**GIVEN ENTRIES:**
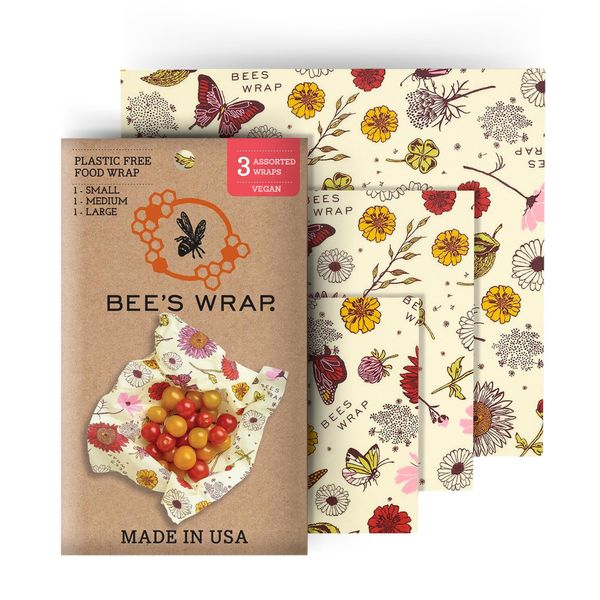 Bee's Wrap Reusable Vegan Alternative to Beeswax Food Wraps, Made in the USA, Eco Friendly Food Wraps, Sustainable Food Storage Containers, Organic Cotton Food Wraps, Assorted 3 Pack (S, M, L), Vegan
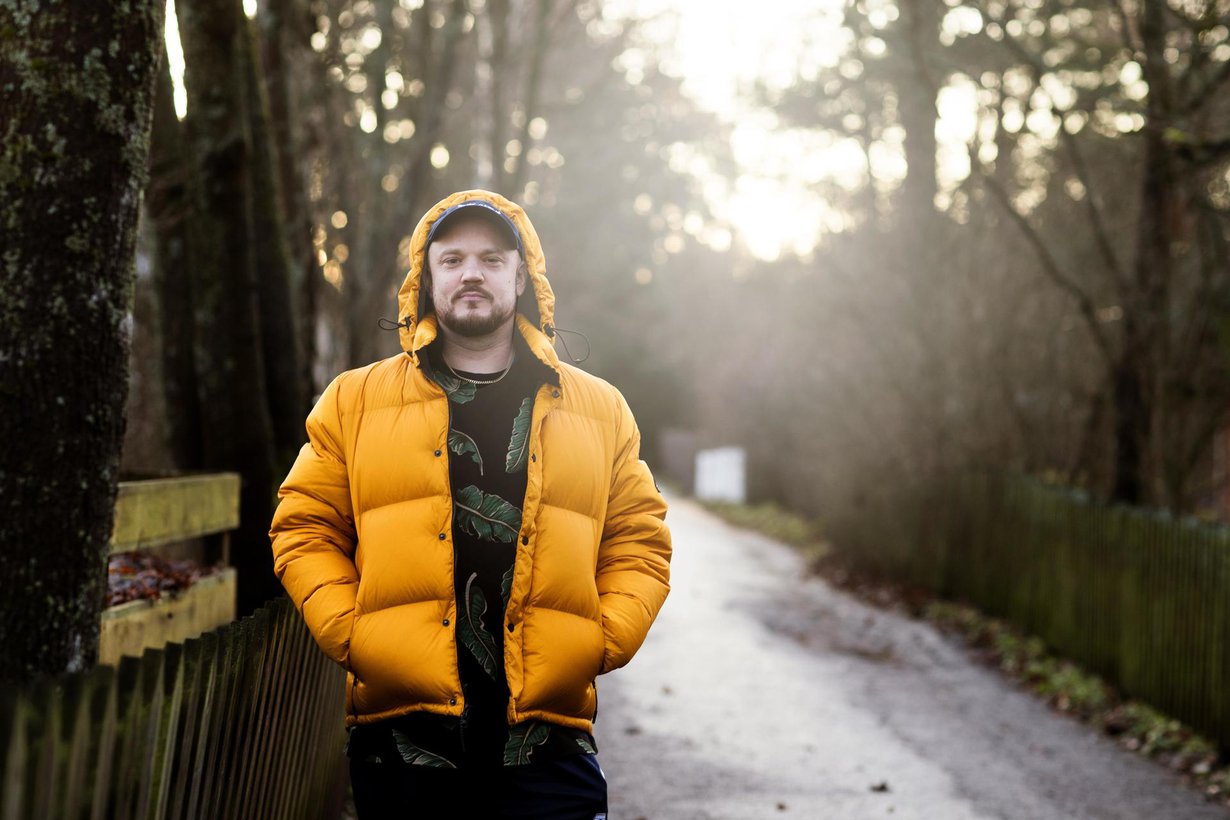 ”Ajattelen, että onnellisuuden vastakohta on pelko siitä, että jotain menee pilalle”, sanoo Pyhimys eli Mikko Kuoppala.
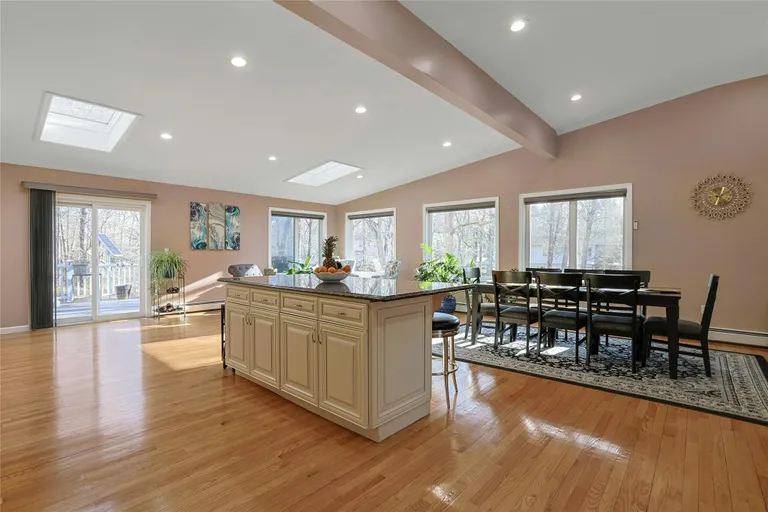 Rockland/Orange/NJ Real Estate | View 160 Phillips Hill Road | room 14 | View 15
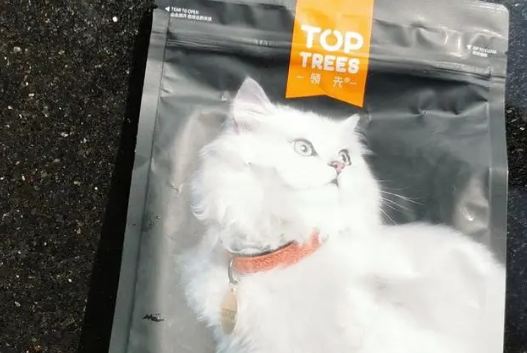 领先猫粮好还是冠能猫粮好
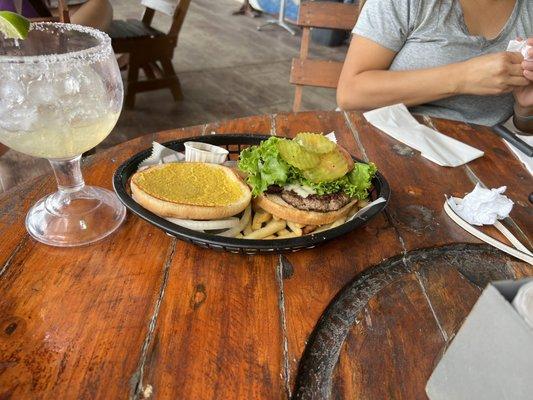 Hamburger with margarita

**TASK INSTRUCTIONS:** When a picture appears in the material, please pass over it while retyping the rest exactly.

**ANSWER TO THIS TASK:**
 Bee's Wrap Reusable Vegan Alternative to Beeswax Food Wraps, Made in the USA, Eco Friendly Food Wraps, Sustainable Food Storage Containers, Organic Cotton Food Wraps, Assorted 3 Pack (S, M, L), Vegan
 ”Ajattelen, että onnellisuuden vastakohta on pelko siitä, että jotain menee pilalle”, sanoo Pyhimys eli Mikko Kuoppala.
 Rockland/Orange/NJ Real Estate | View 160 Phillips Hill Road | room 14 | View 15
 领先猫粮好还是冠能猫粮好
 Hamburger with margarita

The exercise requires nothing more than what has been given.